Es evidente que de un tiempo a esta parte el espacio confederal no encuentra su juego, no sabe dar con la tecla adecuada para sortear las defensas rivales. Antes tenía una variante para cada situación de partido que hacía sus victorias inapelables, hechas con imaginación y audacia, incluida la abdicación del rey Juan Carlos I, entre otras grandes victorias. Pero el rival también juega y tiene herramientas poderosas. Ahora, el espacio confederal, desde posiciones de gobierno, a cada gol que mete, que han sido unos cuantos en esta legislatura (ERTES, SMI, Reforma Laboral, y un largo etcétera), da la sensación de estar permanentemente en fuera de juego. Por contra, cualquier cosa que se aleje de su estilo se explota como una falta de coherencia brutal o una contradicción insoportable narrada por locutores parciales que magnifican el error y restan mérito a los aciertos. Incluso goles que valen partidos como la Reforma laboral se cantan como derrotas, mientras que tampoco se es capaz de transmitir con el juego que se tiene un plan para ganar la competición.  La impresión general es la de haber metido un buen saco de goles pero sin embargo parece que, por las propias condiciones en las que juega, vaya perdiendo por goleada.
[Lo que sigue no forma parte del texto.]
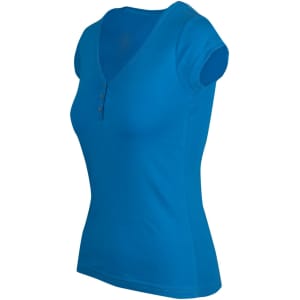 A blue women's t-shirt with a V-neckline and short sleeves, featuring a button detail at the front.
El problema es de base y tiene que ver con la lógica del poder heredada. El PSOE pudo cambiarla con sus mayorías absolutas pero decidió primar la razón de Estado sobre la razón de los votos, tal y como decía Vázquez Montalban. Y mientras los logros del Espacio confederal fueron incontestables y fueron capaces de levantar al público foráneo, como Ronaldinho en el Bernabéu o silenciarlo como Raúl en el Camp Nou, el otro bloque no pudo hacer nada. Sin embargo, a base de jugar en campo contrario con reglas contrarias, mientras su socio de coalición no cuestiona el desequilibrio y la injusticia,  esas reglas que por un momento parecieron tambalearse se vuelven a solidificar hasta el punto de convertirse en incuestionables y gracias a eso la izquierda del cambio  corre el riesgo de que se instale en una épica de la derrota o que la quinta gradería, esa donde se albergan los hinchas del equipo foráneo, quede vacía a pesar de sus innumerables jugadas memorables y goles merecedores del premio Puskas.

En esa lógica del poder existe la adhesión inquebrantable y acrítica, cosa que genera que cualquier discrepancia en el seno de coalición se perciba como una jaula de grillos,  no existe una cultura de la negociación y cualquier diálogo se percibe como cesión al chantaje. Dentro de esa lógica hay partidos que no son bienvenidos, ya que el espacio confederal es percibido como un outsider que no reúne las condiciones para participar del sistema, puesto que cuestiona la articulación territorial, la noción neoliberal del Estado y, en definitiva, la propia idea hegemónica de España. Evidentemente, al espacio confederal se le deja participar políticamente porque no hay más remedio, no porque se le haya aceptado como un miembro más de pleno derecho. Y eso lo convierte en el único partido antiestablishment de España, aún habiendo abrazado dicho espacio postulados como la pertenencia a la Unión Europea en las condiciones actuales y no cuestione la economía de mercado, entre otros. Todo ello aunque se haya intentado en el campo y en los despachos sacarlo de enmedio con todas las herramientas disponibles y cada día se trate de empequeñecer sus logros y agrandar sus debilidades.

Todo esto viene a demostrar que no existe igualdad de oportunidades y que las reglas del juego están viciadas con lo que la competición está adulterada. Hay que cambiar la lógica del poder y con ello el funcionamiento de los órganos de Estado para hacerlos más abiertos y participativos, a la vez que más leales con la democracia española. No vale, simplemente, cambiar unos nombres por otros como ha ocurrido recientemente con el CNI.  Lo que sirvió en su momento no sirve ahora, porque, a diferencia de hace cuarenta años, ya no existe la amenaza de un golpe de Estado por parte de los militares y la sociedad española poco tiene que ver con la de entonces. Con la reacción en marcha y la Restauración del Régimen en camino, hace falta más que nunca que reclamemos otra liga con reglas imparciales para dejar de jugar, eternamente, en campo contrario.